How to record log content?
- When recording logs, do not output sensitive information such as passwords, keys, etc.
- To facilitate debugging, some temporary logs are usually recorded at the Debug level. These log contents can start with some special characters, such as
log.Debugf("XXXXXXXXXXXX-1:Input key was: %s", setKeyName)
. In this way, after debugging is completed, you can find these temporary logs by searching for the XXXXXXXXXXXX string and delete them before committing. - The log content should start with a lowercase letter and end with a period (.), for example,
log.Info("update user function called.")
. - To improve performance, use explicit types when possible, for example
log.Warnf("init datastore: %s", err.Error()) instead of log.Warnf("init datastore: %v", err)
. - As needed, the log should preferably contain two pieces of information. One is the request ID, which is a unique ID for each request. It is convenient to filter out the log of a certain request from the massive logs. The request ID can be placed in the general log field of the request. The other is the user and behavior, which is used to identify who did what.
- Do not log at the wrong log level. For example, in project development, you will often find that some colleagues print normal log information at the Error level and print error log information at the Info level.
Best Practices
- When developing and debugging, or troubleshooting live network problems, don’t forget one thing: optimize log printing according to the troubleshooting process. A good log may not be written in one go, and can be continuously optimized during actual development and testing, as well as when locating problems on the live network. But this requires you to pay attention to logs, rather than just treating logs as a way to record information, or even not knowing why an Info log is printed.
- Print logs in moderation, avoid printing useless logs, and do not miss critical log information.
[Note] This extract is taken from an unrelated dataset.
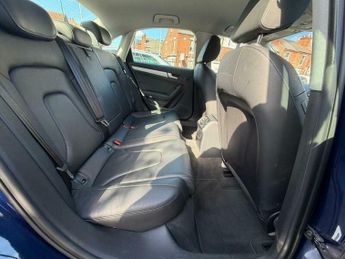 Audi A4 2.0 TDI SE Technik S Tronic quattro Euro 5 (s/s) 4dr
The best information is that the problem can be located based on these critical logs alone.
- Supports dynamic log output to facilitate online problem location.
- Always record logs in local files: By recording logs in local files, they can be decoupled from the centralized log platform, so that when the network is unavailable or the centralized log platform fails, logs can still be recorded normally.
- Centralized log storage and processing: Because an application may contain multiple services and a service may contain multiple instances, it is best to store these logs on the same log platform, such as Elasticsearch, for the convenience of viewing logs.
- Structured logging: Add some default common fields to each line of log to facilitate log query and analysis.
- Support RequestID: Use RequestID to concatenate all logs of a request, which may be distributed in different components and different machines. Supporting RequestID can greatly improve the efficiency of troubleshooting and reduce the difficulty of troubleshooting. In some large distributed systems, troubleshooting without RequestID is simply a disaster.
- Support dynamic switch of debug log: To locate some hidden problems, more information may be needed, and debug log may need to be printed at this time. However, the log level of the existing network is set to Info level. In order to obtain debug log, we may change the log level to Debug level and restart the service. After locating the problem, change the log level to Info level and restart the service. This method is not only troublesome but also may affect the existing network business. The best way is to dynamically control whether debug log is turned on for a request through parameters such as debug=true in the request.